Starting in the early twentieth century with the advent of movies and their subsequent side affect – beautiful stars! – make up companies have been designing products to make average looking women look better. Or at least think they look better. Make up has been a staple of upscale department stores and high priced boutiques right from the very beginning of the retail business. Even in the early days, make up products had their own departments. Salesgirls were hired who exhibited a youthful, sparkling appearance. They would grab women by the hand, lead them to the sales counter, apply a bit of this, a dab of that and a puff of something else for free and then make the sale. Early products were marketed in the usual manner – for their value in improving your appearance and their price.
The first make up celebrities in the pre-infomercial era were not the stars that women were trying to emulate but the heads of the Hollywood make up departments who made the stars look so glamorous. And so the likes of Max Factor, make up master to countless female celebrities (and men too, by the way) and the most successful line of make up products were born. Later on the celebrities themselves, sensing a huge cash return for the use of their face, put themselves on various lines of make up products available in stores. When their looks faded, when their careers stopped humming along, the make up products disappeared as well.
And then came infomercials. All of a sudden there was a way to get women interested in buying make up products over their TV sets and was it ever successful! Sensing right from the outset that the products had to be celebrity driven, producers came up with a way to market their products to women all over the world via the TV set. Faded and fading stars from the music business, movie business and TV business jumped on the bandwagon to sell make up and other beauty supplies to American women by the truckload. Here’s the hook that they used: the make up infomercial and the products were not completely celebrity driven. The celebrity was merely there to endorse the products supposedly used on her over the years to keep her looking younger and more beautiful. But the product itself was created by, bore the name of and was demonstrated by the make up artist who had labored for years applying make up to countless beautiful celebrities. The make up artist was not a beauty herself but a “regular” woman who merely worked on celebrities. Hence, the housewife watching in Des Moines, or Chicago or anywhere was not made to feel ugly or less than glamorous.

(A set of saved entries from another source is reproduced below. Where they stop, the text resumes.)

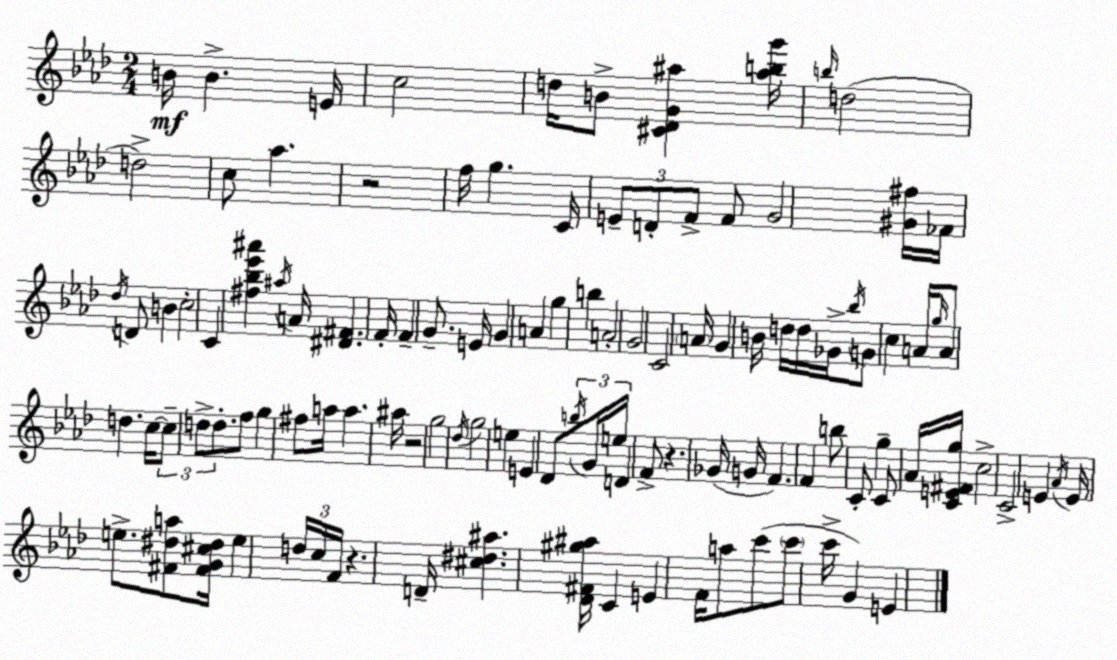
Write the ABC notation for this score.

X:1
T:Untitled
M:2/4
L:1/4
K:Ab
B/4 B E/4 c2 d/4 B/2 [^C_DG^a] [^abg']/4 b/4 d2 d2 c/2 _a z2 f/4 g C/4 E/2 D/2 F/2 F/2 G2 [^G^f]/4 _F/4 _d/4 D/2 B c2 C [^f_b_e'^a'] ^a/4 A/4 [^D^F] F/4 F G/2 E/4 G A g b A2 G2 C2 A/4 G B/4 d/4 d/4 _G/4 _b/4 G/2 c A/4 g/4 A/2 d c/4 c/2 d/2 d/2 f/2 g ^f/2 a/4 a ^a/4 z2 g2 _d/4 g2 e E _D/2 b/4 G/4 e/4 D F/2 z _G/4 G/4 F F b/2 C/2 g C/2 _A/4 [CE^Fg]/4 c2 C2 E _A/4 E/4 e/2 [^F^da]/2 [^FG^c^d]/4 e d/4 c/4 F/4 z D/4 [^c^d^a] [_D^F^g^a]/4 C E F/4 a/2 c'/2 c'/2 c'/4 G E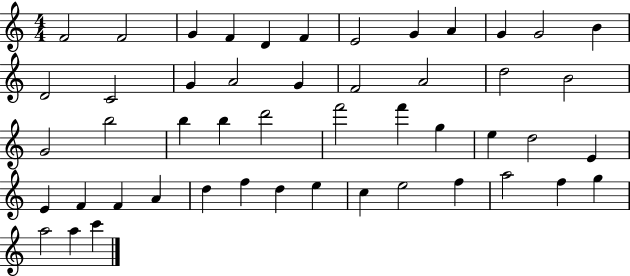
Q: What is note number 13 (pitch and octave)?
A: D4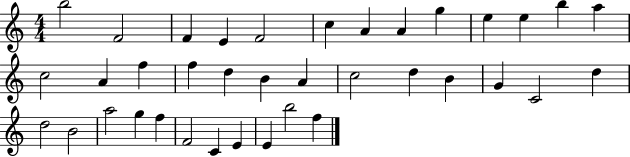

In fact the celebrity was usually somewhat demeaned on make up infomercials as they would often appear on the show without any make up on. You would be channel surfing and a close up shot of a celebrity you know would appear on the screen and you’d stop, you’d notice she didn’t look so good. You’d wonder what happened and you’d start watching the infomercial. And you’d hear her talking endlessly about how her appearance, her look, her beauty was predominately the successful work of the artist and her line of amazing products while the artist was applying make up to her face and transforming her right before your very eyes.
And furthermore, YOU!, Miss American Average Woman, could have these same products that celebrities have been using for years to make movie magic happen, the secret stuff known only to Hollywood insiders, delivered right to your door in a few days for the low, low price of…well you get the idea. What a concept! Don’t get the beautiful celebrity, with the face of an angel, to sell the product. Have the average looking make up artist sell the product while the beautiful celebrity is transformed from average looking to gorgeous right before your eyes! And of course, the celebrity was an equal or even majority partner in the profits from the line, picking up millions along the way for a days work, sitting in a comfortable chair, in air conditioned splendor, having make up applied to their faces. As the man said – Only in America!